At Thu, 14 Feb 2008 17:59:05 +0100, Rainer Zimmermann wrote:
Hi Takashi and Pavel,
Takashi Iwai wrote:
The constraint comes from the codec, the chip itself can handle 192kHz, e.g. the 192kHz SPDIF input works fine. Actually more of the ice1724 cards have this limit. If this issue is solved in a general way, it could be implemented to other cards with 192kHz DACs/96kHz ADCs too.
Thanks for a quick information. Then, yes, we should fix this issue in general. The separate lists of rates for playback and capture would be required in the end...
ok. Actually, as Pavel mentioned SPDIF, I guess there should be a third set of rates for SPDIF, to be used when the appropriate channel is switched to SPDIF.
That's a good point.
Anyway, we can limit this in a scenario like below: - disallow the rate over 96kHz if the capture stream is being opened - if the rate is set above 96kHz, the capture stream cannot be opened, returns -EBUSY or so.
Yes, I was thinking of something along those lines. But 2 possible issues:
- maybe a stupid question, but couldn't there be some "backdoor"? E.g., could a
playback stream change its rate to above 96kHz while a capture stream is open?
- In the latter case, I think it should read: "if a playback stream is running
at above 96kHz, the capture stream cannot be opened". Otherwise, e.g. arecord couldn't open the device if another app left the rate at 192kHz.
Yes, the defnial of opening a capture stream over 96kHz is a drawback in this method.

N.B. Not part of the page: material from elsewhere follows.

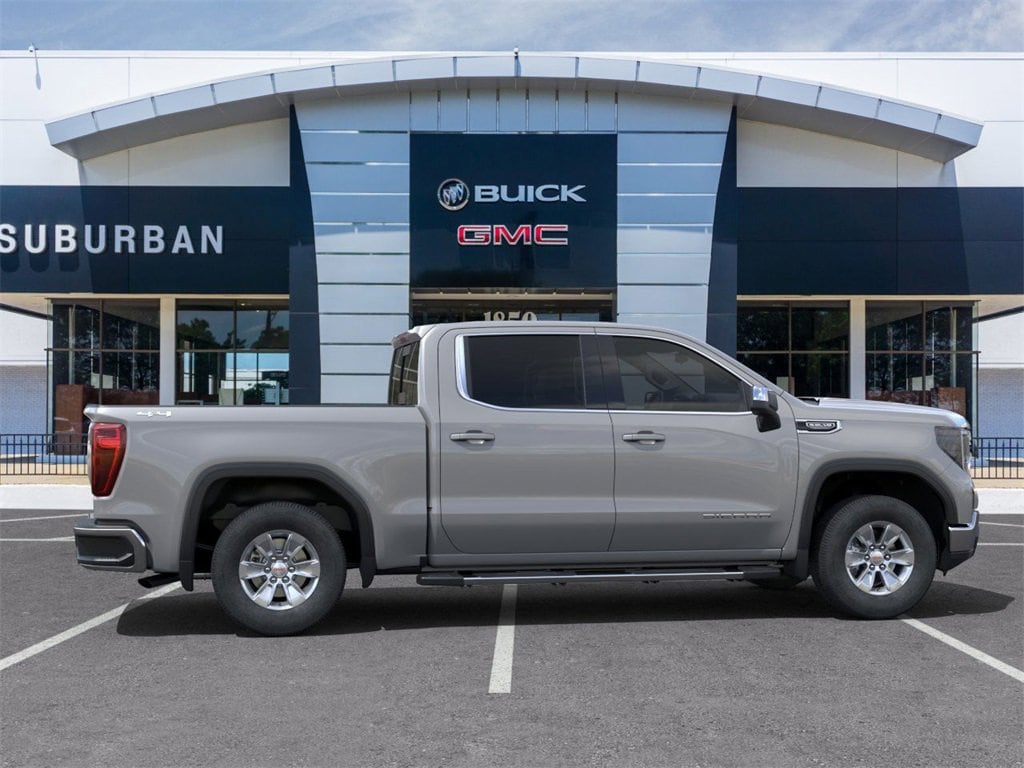 2024 GMC Sierra 1500 SLE 5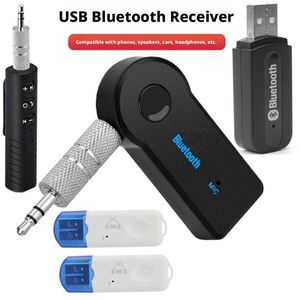 Car Bluetooth Receiver 3.5mm Wireless Audio Receiver Converter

Are there other examples (non-ice17xx) how this is handled?
Either setting a fixed rate via a control or disallow-streams-that- don't-support way.
BTW, is it supposed to be still highly experimental? If the driver works more or less stably with your device (and on the recent kernel), it'd be also good to put this to the upstream, i.e. in alsa-kernel tree instead of alsa-driver tree.

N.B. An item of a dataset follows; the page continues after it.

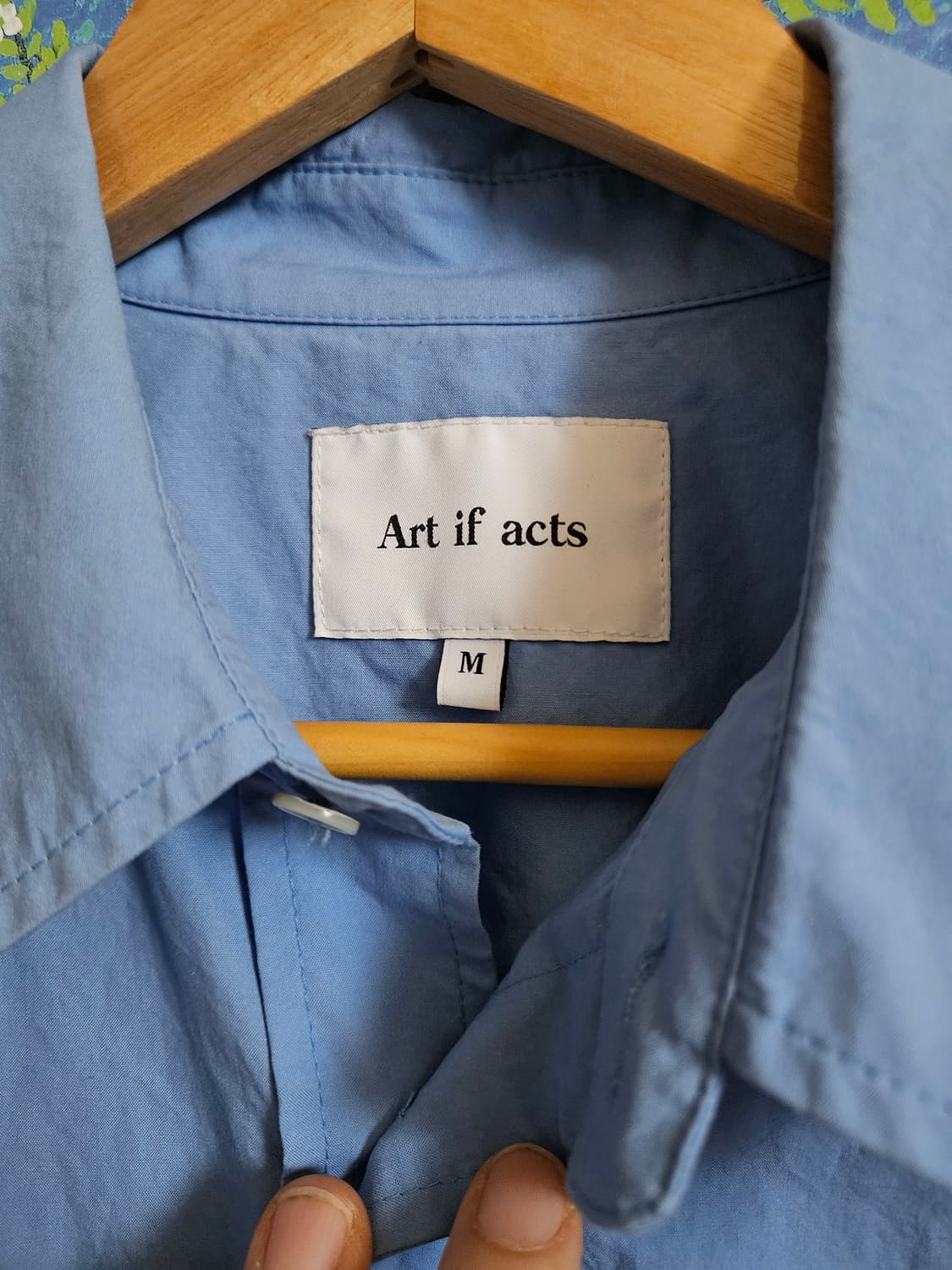 Art if acts 아트이프액츠 셔츠  상품이미지2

Yes, so far the driver is stable on my system (2.6.22) and on Piotr's, but I would still consider it experimental. It still contains experimental code and some experimental controls, and I guess there should be more testing, in particular the MI/ODI/O and SPDIF part is still untested. Well, your decision...
It's rather your decision at this stage since I have no hardware for testing. I'd just like to mention that merging to the upstream gives more users a chance to try.
As for the vu-meters:
Since the meaning of these read-only controls is clear only upon detailed study of the driver and Envy24 datasheet plus I encounter a lot of questins/complaints about them, I suggest to change their type from MIXER to PCM. They would still be readily accessible from amixer or API.
No objection from my part, but could it break any app software? any other comments?
Well, I think it's fine at this moment since we have (still) no envy24control for vt172x. Actually, some other controls are also candidates to hide from the mixer interface. We need a more detailed review in this regard.